++++ DATASET RECORDS
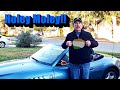 How to Plug the Holes Left after Spare Tire Delete: BMW Z3!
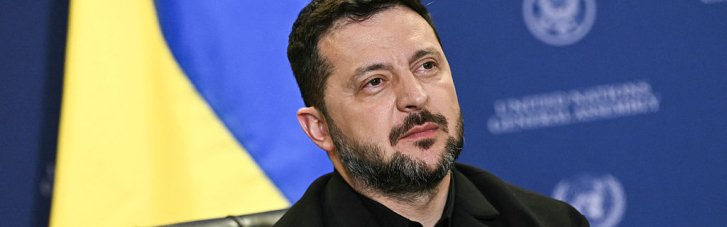 Ответ на террор: Зеленский анонсировал усиление ударов по российским НПЗ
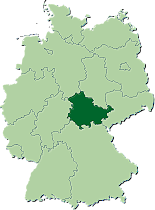 Thuringia (Germany)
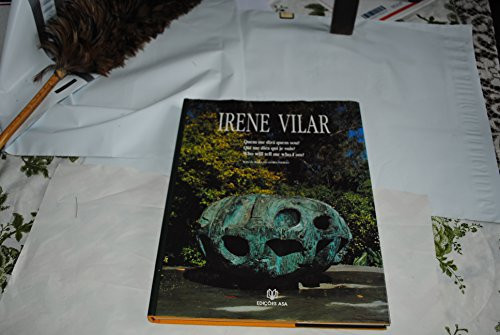Irene Vilar: quem me dirá quem sou?:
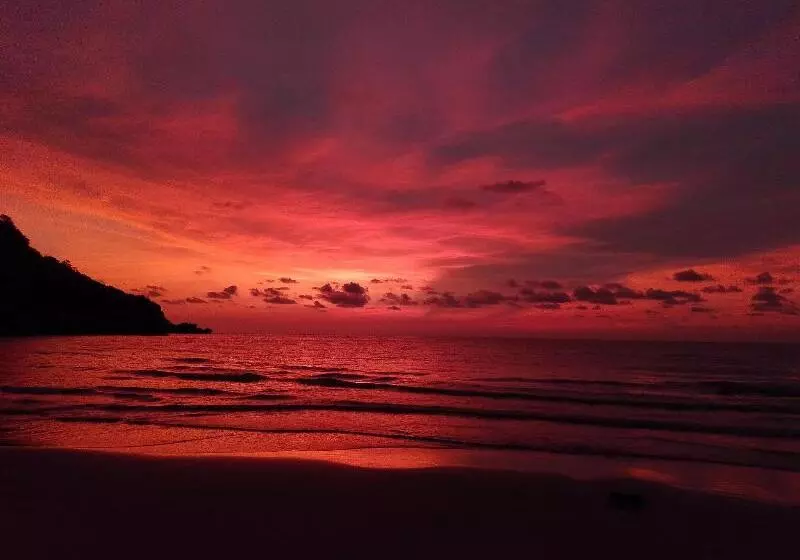 ホテル Bt @ Haadrin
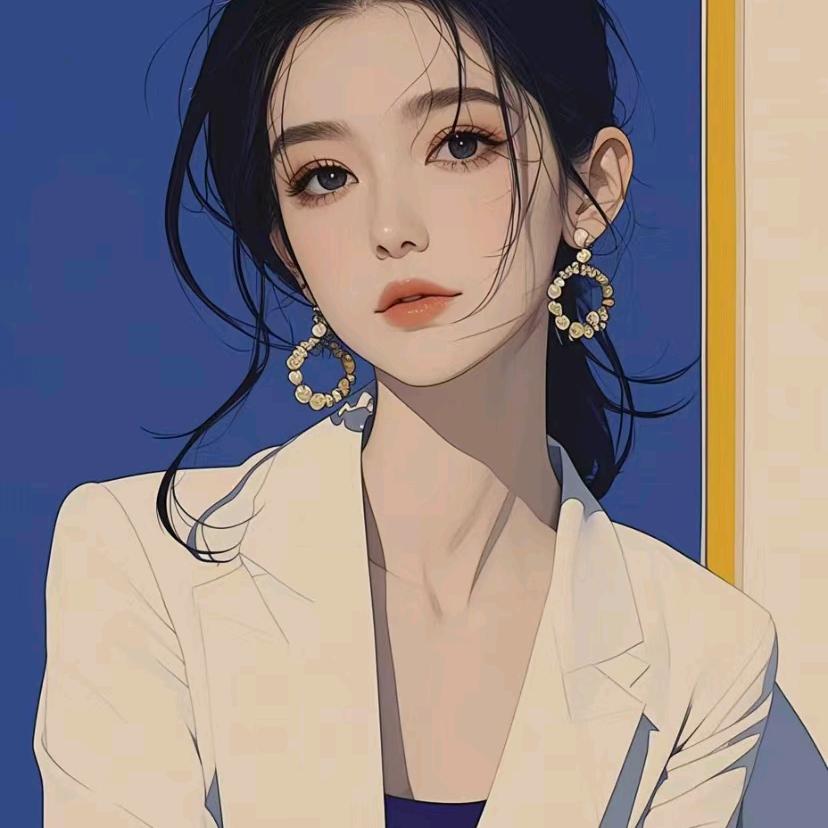 琼琼吖，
++++++++
* WHAT NEEDS TO BE DONE: Output a verbatim copy of the lines from the line containing "Thuringia (Germany)" through the end of the data, both included, without any images.

* SOLUTION BELOW:
 Thuringia (Germany)
Irene Vilar: quem me dirá quem sou?:
 ホテル Bt @ Haadrin
 琼琼吖，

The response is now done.